Decenas de gaviotas sobrevuelan la escena y compiten con las pandillas de niños que revolotean alrededor de los adultos en un intento de ayudar que, en realidad, se convierte en estorbo. Algún grito o amenaza de castigo les hace retroceder un poco, pero sin alejarse demasiado porque no quieren perder detalle de lo que sucede delante de sus ojos.

Las mujeres aguardan un poco más atrás, sentadas sobre la arena, rodeadas de barreños, cubos y de los hijos más pequeños que juegan o dormitan colgados a las espaldas de sus madres. Un poco apartadas, pero no muy distantes, esperan las más jóvenes comentando noticias y chascarrillos para entretener el tiempo.

Los hombres sudorosos, con torsos desnudos y pantalones remangados, siguen absortos en su labor. La red está cada vez más fuera. Se la ve llena, todos se miran con ojos cargados de satisfacción y esperanza. Las mujeres contienen el aliento.

Por la mañana salieron las barcas. Los pescadores, de pie sobre ellas, formaron semicírculos con las redes que desplegaban sobre la mar. Se podían apreciar sus diestras maniobras desde la playa. Ahora, al atardecer, es tiempo de recogerlas y ver el fruto que ha caído en ellas. Unos y otros se ayudan. Forman cuadrillas para arrastras las sogas que darán paso a las mallas. Primero, la de una barca, luego la de otra. Así se turnan hasta que todas estén fuera. Es ahora cuando llegan las mujeres y las jóvenes con sus recipientes. Se separan los plásticos que se han enredado en el paño de nailon, botellas, bolsas o suelas de chancletas y otras basuras que cada vez son más frecuentes en estas aguas. Los peces empiezan a ser distribuidos. Primero los más grandes, luego los pequeños. Concluida la operación, baldes y cubetas desaparecen en distintas direcciones y sus porteadoras vocean sus contenidos en la espera de venderlos lo antes posible.

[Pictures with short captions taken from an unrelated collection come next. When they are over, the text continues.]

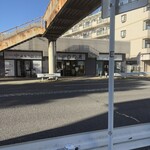 手打麺祭 かめ囲 - 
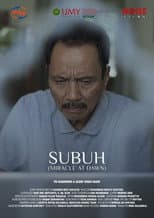 Poster for Subuh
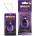 Areon АРОМАТИЗАТОР ХАРТИЕН special selection aurum aura (ss02_g01)
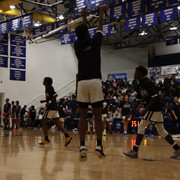 IMG-0181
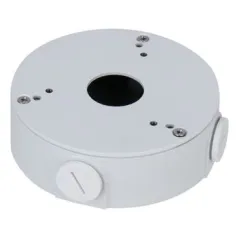 DH-PFA13G в інтернет-магазині Olden electronics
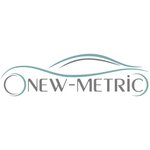 New Metric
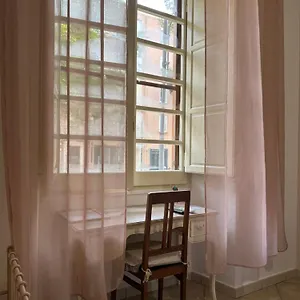 Su Coccu Bed & Breakfast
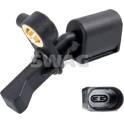 Capteur ABS SWAG - 32 92 3806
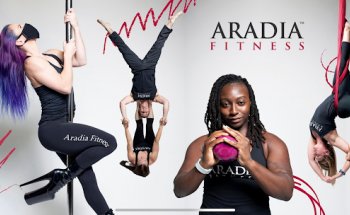 Aradia Fitness Cary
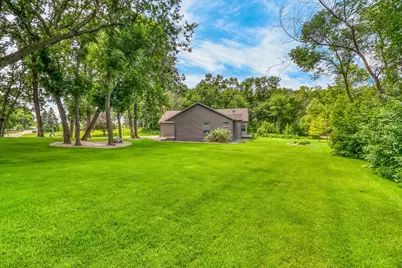 46747 Poss Beach Road, Pelican Rapids, MN 56572 - Photo 4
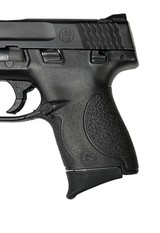 SMITH & WESSON M&P Shield 9 9MM LUGER (9X19 PARA) - 4 of 7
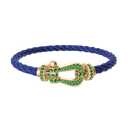 Bracelet Force 10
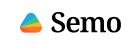 Semo Docs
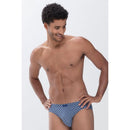 Mey Heren Slip Jazz-Pants 38011 - Jambelles
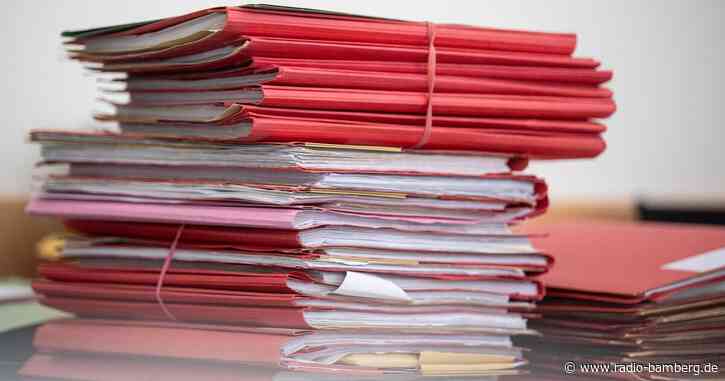 Zahl unerledigter Verfahren steigt weiter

«Cada vez sacamos más basura y menos peces», se lamenta el viejo Ouattara. «Así es difícil vivir». Culpa a los grandes barcos extranjeros, que a veces se divisan en el horizonte, de la merma que experimenta su mar. Entiende que los jóvenes no quieran seguir los pasos de sus padres y huyan lejos de la profesión que durante generaciones alimentó a decenas de familias en la zona. Los ve partir casi a diario. «Solo quedan niños y mujeres», murmura mientras enciende su pipa con un gesto mecánico.

Los más pequeños no parecen preocupados por su futuro. Se han apoderado de algunos pececillos y encienden una hoguera donde asarlos. Las gaviotas también se dan un festín con los restos de la pesca que quedan esparcidos sobre la arena y se los disputan con algunos perros que se han acercado desde la aldea.

En el horizonte, el sol se zambulle en un mar que se tiñe de rojo.